● Assignment
Upon reaching the line that contains "Jual Headset Bluetooth" in the records below, begin repeating every line exactly through the last one, skipping pictures.

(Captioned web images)
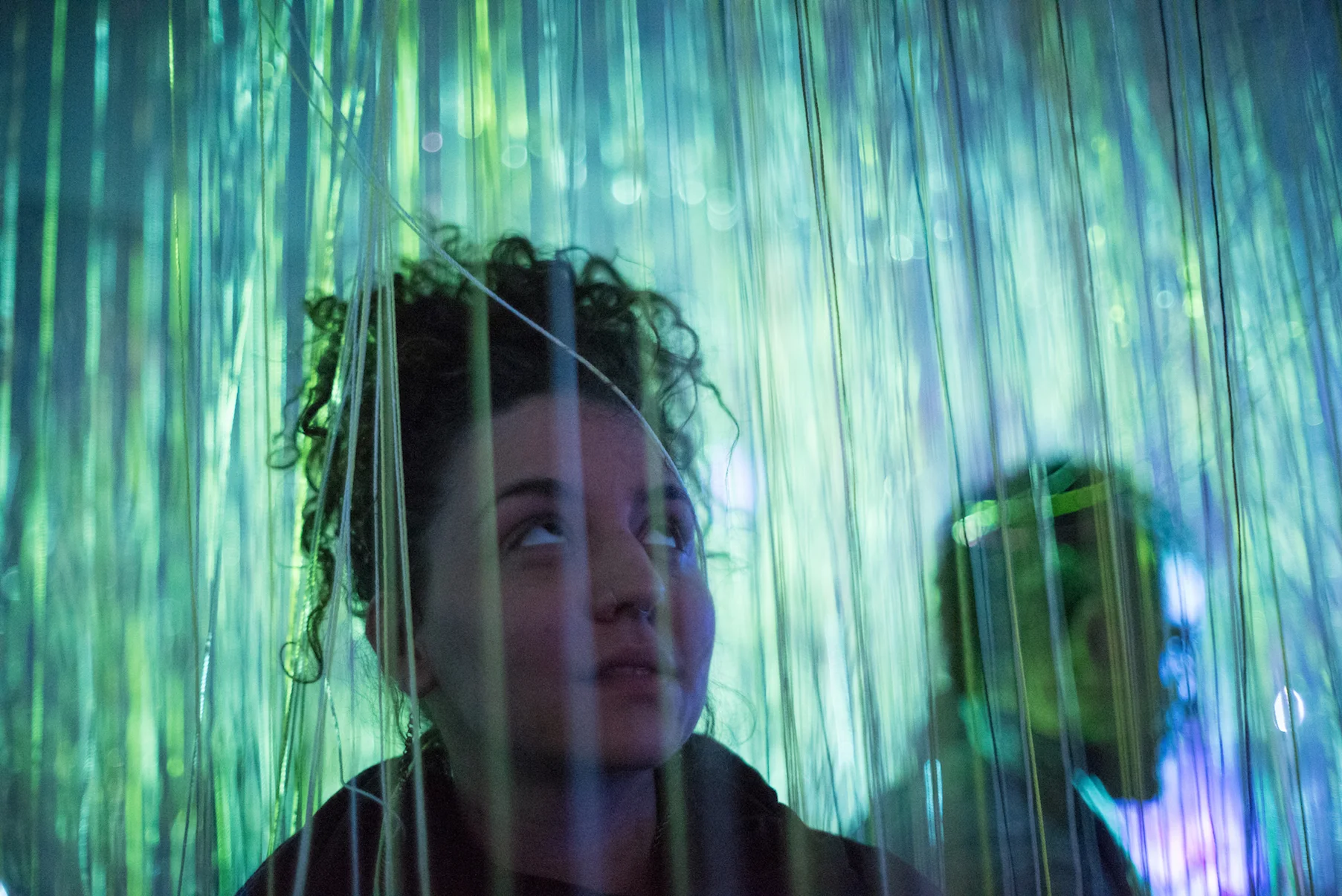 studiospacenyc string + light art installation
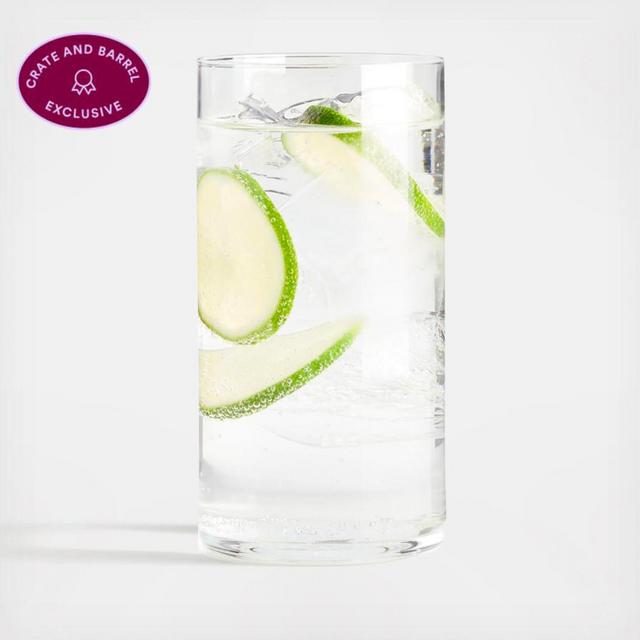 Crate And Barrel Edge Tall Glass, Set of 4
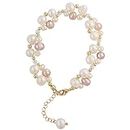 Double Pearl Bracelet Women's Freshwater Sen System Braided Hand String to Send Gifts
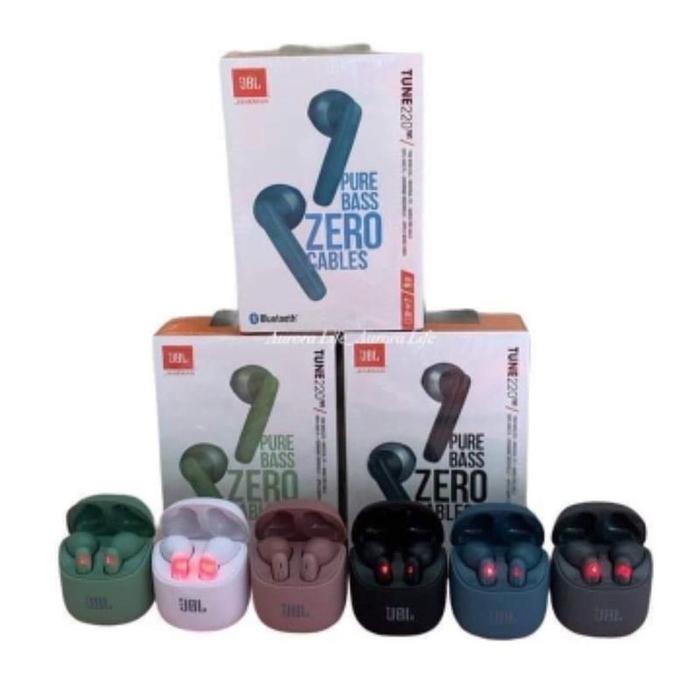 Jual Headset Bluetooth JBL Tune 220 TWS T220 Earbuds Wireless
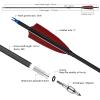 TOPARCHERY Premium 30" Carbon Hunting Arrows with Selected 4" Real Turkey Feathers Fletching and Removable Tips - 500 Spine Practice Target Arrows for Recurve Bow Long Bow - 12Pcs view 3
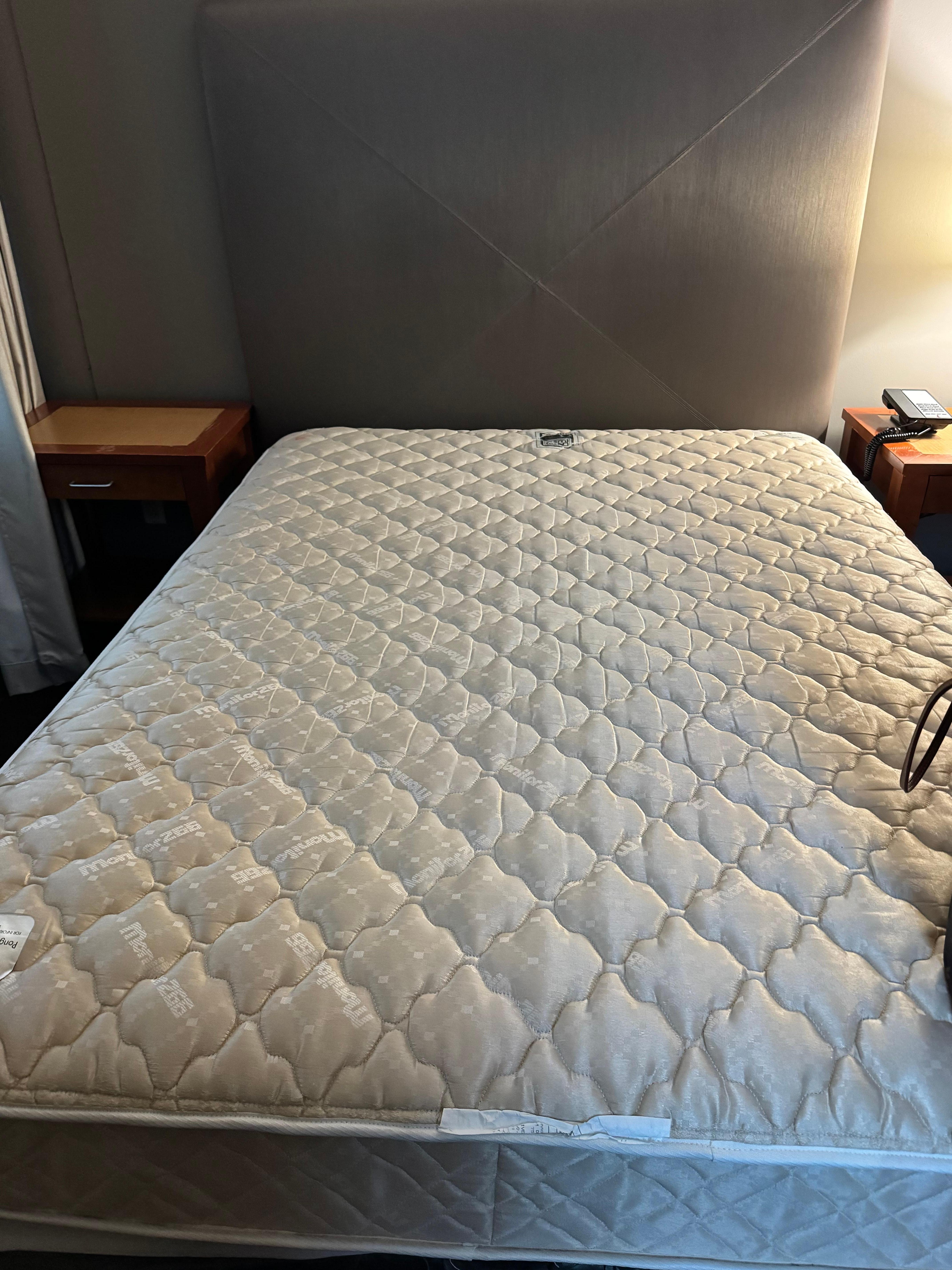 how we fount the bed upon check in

● Answer to the problem
 Jual Headset Bluetooth JBL Tune 220 TWS T220 Earbuds Wireless
 TOPARCHERY Premium 30" Carbon Hunting Arrows with Selected 4" Real Turkey Feathers Fletching and Removable Tips - 500 Spine Practice Target Arrows for Recurve Bow Long Bow - 12Pcs view 3
 how we fount the bed upon check in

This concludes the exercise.